Foto do escritor: Pedro de LimaPedro de Lima

Atualizado: 26 de out. de 2020


Não obstante o provincianismo e a vida paroquial, surpreendentemente, o Crato, nos anos 1960, era uma cidade bem servida de jornais e revistas.


Então, podíamos ler o Jornal do Brasil, o Correio da Manhã e, principalmente, o jornal Última Hora. E nós líamos.


Geralmente, à noite, quando os jornais chegavam e eram vendidos, na praça Siqueira Campos. E, assim, ficávamos sabendo das violências praticadas pelos militares que haviam tomado o poder. Sabíamos das prisões, torturas, aposentadorias compulsórias, sequestros e mortes de trabalhadores, líderes sindicais, estudantes, intelectuais e políticos.


Líamos também a Revista Civilização Brasileira, além de livros e panfletos que eram passados de mão-em-mão pelos amigos. Além desses, também era possível ler jornais mais engajados, como o Brasil Urgente que, ainda me lembro, eram vendidos à noite na calçada do Café Líder.


Apesar da violência e do obscurantismo inerentes a qualquer ditadura, o regime militar implantado no Brasil ampliou nos jovens a curiosidade e o desejo de participar.


Aumentou a vontade de ler e de criar. Líamos para conhecer o Brasil –sua história, seus problemas sociais. Queríamos transformar o país, acabar com a miséria e as desigualdades. E o caminho para isso era combater a ditadura militar e implantar uma verdadeira democracia.

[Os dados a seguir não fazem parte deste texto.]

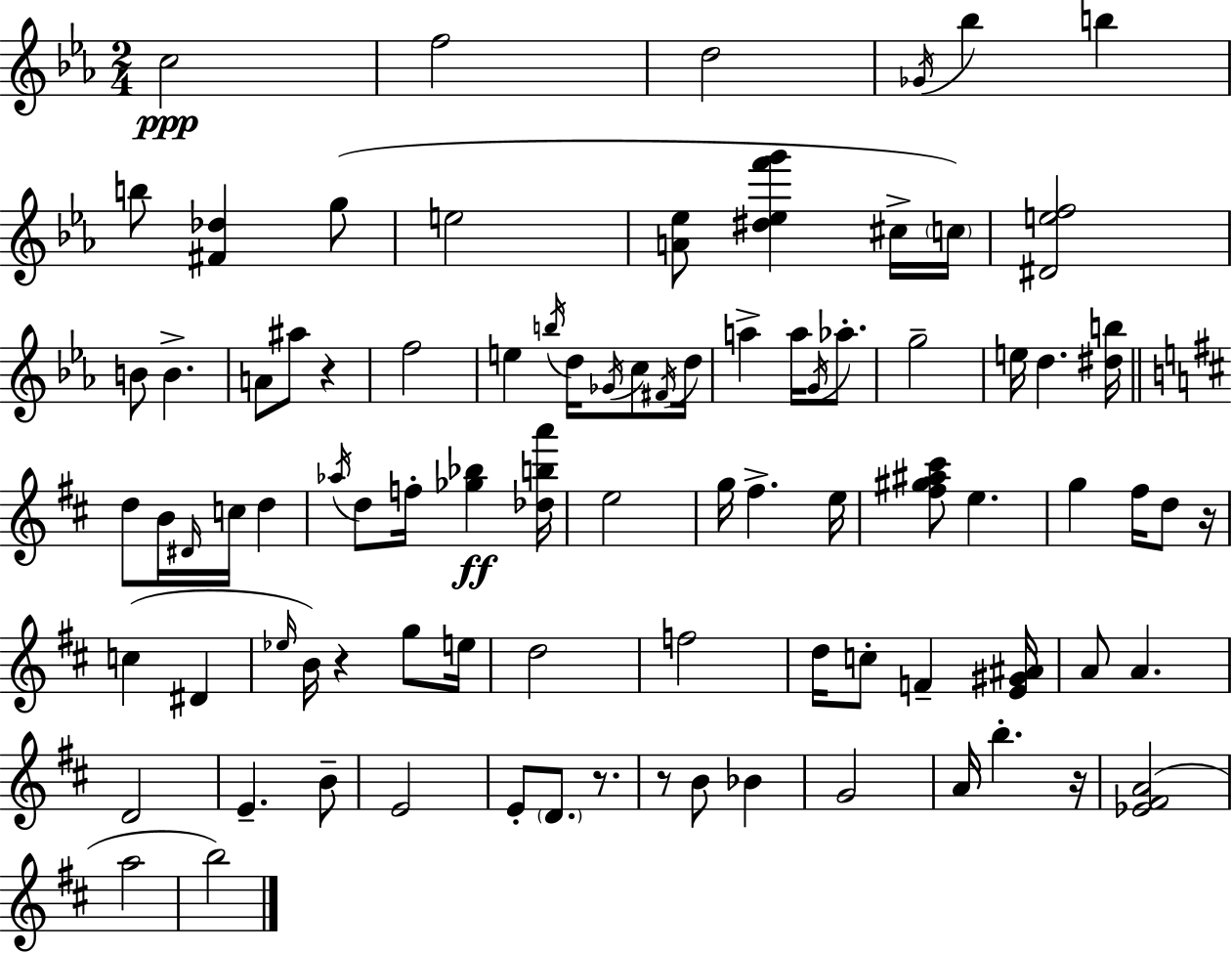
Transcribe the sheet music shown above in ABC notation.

X:1
T:Untitled
M:2/4
L:1/4
K:Cm
c2 f2 d2 _G/4 _b b b/2 [^F_d] g/2 e2 [A_e]/2 [^d_ef'g'] ^c/4 c/4 [^Def]2 B/2 B A/2 ^a/2 z f2 e b/4 d/4 _G/4 c/2 ^F/4 d/4 a a/4 G/4 _a/2 g2 e/4 d [^db]/4 d/2 B/4 ^D/4 c/4 d _a/4 d/2 f/4 [_g_b] [_dba']/4 e2 g/4 ^f e/4 [^f^g^a^c']/2 e g ^f/4 d/2 z/4 c ^D _e/4 B/4 z g/2 e/4 d2 f2 d/4 c/2 F [E^G^A]/4 A/2 A D2 E B/2 E2 E/2 D/2 z/2 z/2 B/2 _B G2 A/4 b z/4 [_E^FA]2 a2 b2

Na verdade, poucos sabiam, de fato, como seria esse Brasil do futuro. Apenas acreditávamos que era necessário fazer uma revolução! A polarização União Soviética versus Estados Unidos da América nos indicava o caminho.


Por isso, criamos jornais murais nos colégios Diocesano e Estadual, jornais mimeografados, como o jornal Nossa Opinião e jornais impressos como o Vanguarda e o Radar.


Nesses jornais publicávamos nossos artigos, poemas e contos, cujos conteúdos abordavam, principalmente, os problemas sociais responsáveis pelas desigualdades e pelo atraso do Brasil.


Também fizemos teatro e música. Ainda me lembro de duas músicas que compusemos (Zé Narcélio e eu). Como não toco nenhum instrumento, eu sempre escrevia as letras.


Uma dessas músicas se referia à guerra do Vietnam. A letra, salvo algum esquecimento, era assim:


Nasce o dia

Vem o sol

Passa a tarde

Cai a noite.

Lá no arrozal imenso

Sob o fogo da napalm

Morre gente.

Só porque

Outro dia nascer

Mais um homem

Outro homem

Morrerá no arrozal.

Morre o dia

Vai o sol

Passa a tarde

Cai a noite.

Lá no arrozal imenso

Sob o fogo da napalm

Nasce gente.

Só porque

Outro dia vai morrer

Mais um homem

Outro homem

Nascerá no arrozal.


Outra, fazia parte de uma peça de teatro, de minha autoria, que se perdeu. Dela, conservei na memória esta música, cuja melodia denuncia de imediato a influência de Chico Buarque.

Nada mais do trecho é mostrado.